Understanding the rules of probability can help us make better decisions in our daily lives. Here’s a simple breakdown of how it works:

1. Sample Spaces and Events:

   • A sample space is all the possible outcomes. For example, when you roll a die, the sample space is:
     • $S = \{1, 2, 3, 4, 5, 6\}$.
   • An event is a specific outcome.

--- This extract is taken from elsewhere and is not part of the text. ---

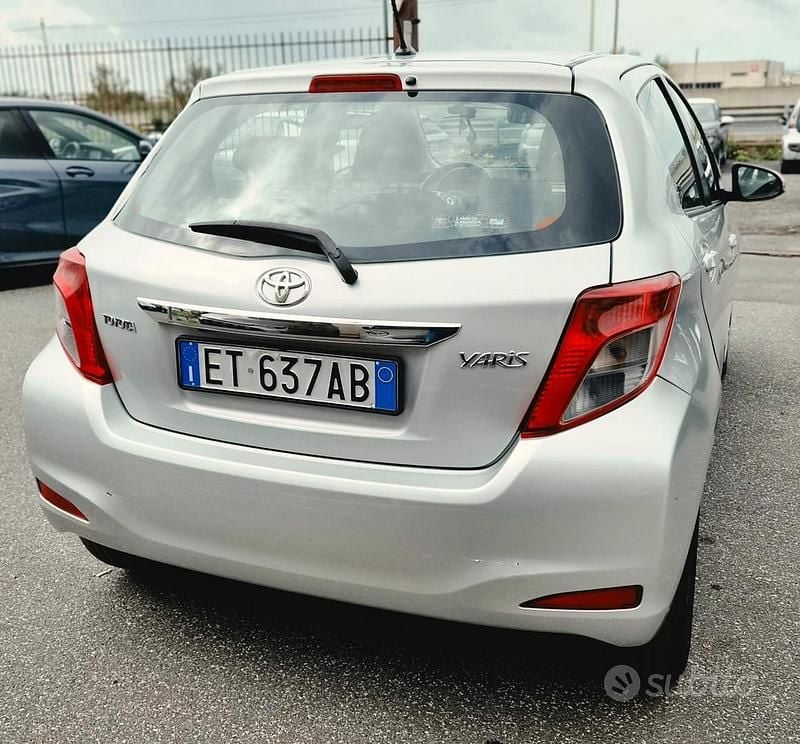 Usata Toyota Yaris Lounge 69 CV (50 kW) 2014 Grigio Utilitaria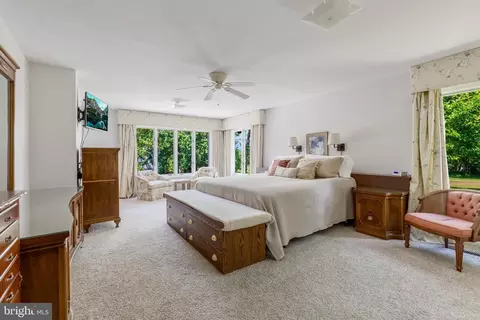 Bedroom - 1601 Mary Ellen Ct, Mclean, VA 22101 photo 1 of 4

For instance, if you want to find even numbers when rolling a die, the event would be:
     • $E = \{2, 4, 6\}$.

2. Addition Rule:

   • This rule helps us find the chance of two events happening, especially when they cannot happen at the same time.
   • You can use this formula:
     • $P(A \cup B) = P(A) + P(B)$
   • Here’s an example: If you want the chance of drawing a heart or a spade from a regular deck of cards, you find it like this:
     • $P(\text{Heart} \cup \text{Spade}) = P(\text{Heart}) + P(\text{Spade}) = \frac{13}{52} + \frac{13}{52} = \frac{1}{2}$

3. Multiplication Rule:

   • This rule is useful when you want to find the probability of two independent events happening together.
   • Use this formula:
     • $P(A \cap B) = P(A) \times P(B)$
   • For example, if you flip a coin twice, the chance of getting heads both times is:
     • $P(\text{Heads}_1 \cap \text{Heads}_2) = P(\text{Heads}) \times P(\text{Heads}) = \frac{1}{2} \times \frac{1}{2} = \frac{1}{4}$

By using these rules, we can analyze risks and possible outcomes in our everyday lives better.